Note: this series is converted from my Mubu notes. If you prefer a more illustrated reading experience, you can read it in my Mubu space. Due to length constraints, the Chapter 12 Mubu notes are there. If you find any logical mistakes, please let me know in the comments—thank you!

Start#

If you only learn RL by reading formulas, it’s easy to “understand it, but not be able to write it.” I’ve always felt tabular methods are the best training ground:

Their advantage is that you can pull your attention out of all the neural-network noise: no optimizer tricks, no distraction from normalization or gradient explosion. Every update you write is almost literally “translating the Bellman equation into code.” And concepts like on-policy/off-policy become obvious because the tabular world is transparent.

In this chapter, we follow the docs’ flow: first do model-free prediction (MC / TD), then transition to model-free control (Sarsa / Q-learning). At the end, I’ll add a few practical tips on “how not to crash in engineering with tabular methods.”

The premise of tabular methods: a lookup table can hold your world#

The docs put it plainly: the simplest policy representation is a lookup table, so the core resource of tabular methods is:

number of states $|S|$
number of actions $|A|$

Once $|S| \times |A|$ becomes too large to fit in memory, or you can’t enumerate it at all (e.g., continuous states), you need deep methods.

But for getting started and validating intuition, tabular methods are still unbeatable.

Model-free prediction: MC vs TD#

Monte Carlo policy evaluation (MC)#

The key characteristic of MC: wait until an episode finishes, then update using the true return.

Pros: unbiased (with enough samples). Cons: high variance, slow updates, must wait for episode end.

One-step temporal difference TD(0)#

The docs give the TD target:

\text{TD target} = r_{t+1} + \gamma V(s_{t+1})

Its temperament is: “I won’t wait for the ending—I’ll update now using the next-step estimate.”

Pros: online updates, efficient.

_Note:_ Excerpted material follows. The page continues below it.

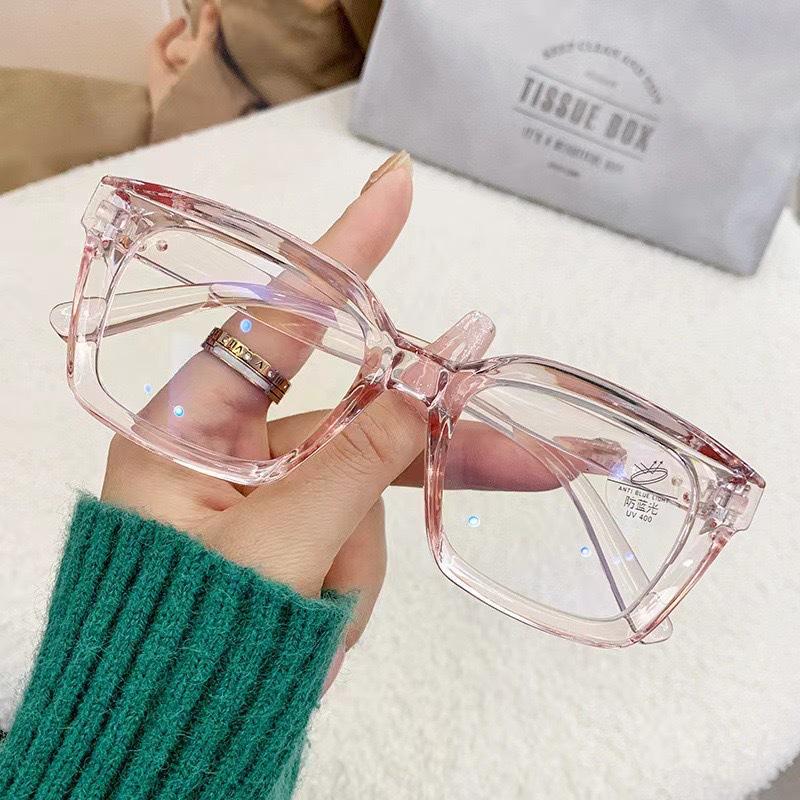 Women's Ultra-Light Tea-Colored Three-Point Prescription Glasses: Versatile, Blue Light Blocking, Large Frame, Plano, Perfect for Bare-Faced Photos.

Cons: bootstrapping introduces bias, and it’s more sensitive to initialization and learning rate.

Model-free control: from V(s) to Q(s,a)#

To do control (find the optimal policy), $V(s)$ alone is not enough because you need to compare actions.

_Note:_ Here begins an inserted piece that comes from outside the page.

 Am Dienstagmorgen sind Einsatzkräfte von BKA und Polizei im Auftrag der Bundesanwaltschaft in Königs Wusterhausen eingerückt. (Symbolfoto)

The docs emphasize using $Q(s,a)$ to judge “which action in which state yields the highest reward.”

In the tabular world, $Q$ is simply a “state × action” table.

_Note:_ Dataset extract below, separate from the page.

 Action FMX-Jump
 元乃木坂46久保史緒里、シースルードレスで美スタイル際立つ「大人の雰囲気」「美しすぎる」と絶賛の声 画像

Exploration: why ε-greedy#

The docs mention an important assumption: to guarantee convergence of policy iteration, you usually need “exploring starts” or sufficient exploration.

The most common engineering choice is ε-greedy:

with probability $\epsilon$ , pick a random action (explore)
with probability $1-\epsilon$ , pick the current best action (exploit)

A practical suggestion:

start with a larger $\epsilon$ (0.8/1.0)
then gradually decay to a small but non-zero value (0.05/0.1)

Sarsa: a typical on-policy control method#

The name Sarsa comes from the 5-tuple used in the update:

$(s_t, a_t, r_{t+1}, s_{t+1}, a_{t+1})$

It updates using “the action that will actually be executed next,” so it’s on-policy.

Intuition:

if you execute ε-greedy, then the update also accounts for the “occasionally silly random actions”
so it is more “cautious,” and can be safer in risky environments

Q-learning: a typical off-policy control method#

The docs explain the two policies in off-policy well:

behavior policy: explores and collects data (can be ε-greedy)
target policy: learns the optimal policy (usually greedy)

Q-learning uses $\max_a Q(s_{t+1}, a)$ in the update, corresponding to “I assume the future will always take the optimal action.”

Intuition:

it can explore more boldly because the learning target is greedily optimal
but it is also more prone to overestimation (even more obvious in deep versions like DQN)

Chapter summary: tabular methods are “interpretable RL”#

The biggest value of tabular methods is not solving the most complex problems, but making RL’s key questions very transparent:

are you exploring?
are you updating with the actual action (on-policy) or the optimal action (off-policy)?
are your $\alpha$ and $\gamma$ reasonable?

Starting next chapter, we’ll switch to another main line: policy gradients. When the action space becomes continuous, or when we want to directly learn a stochastic policy distribution, PG can feel more natural than a Q table.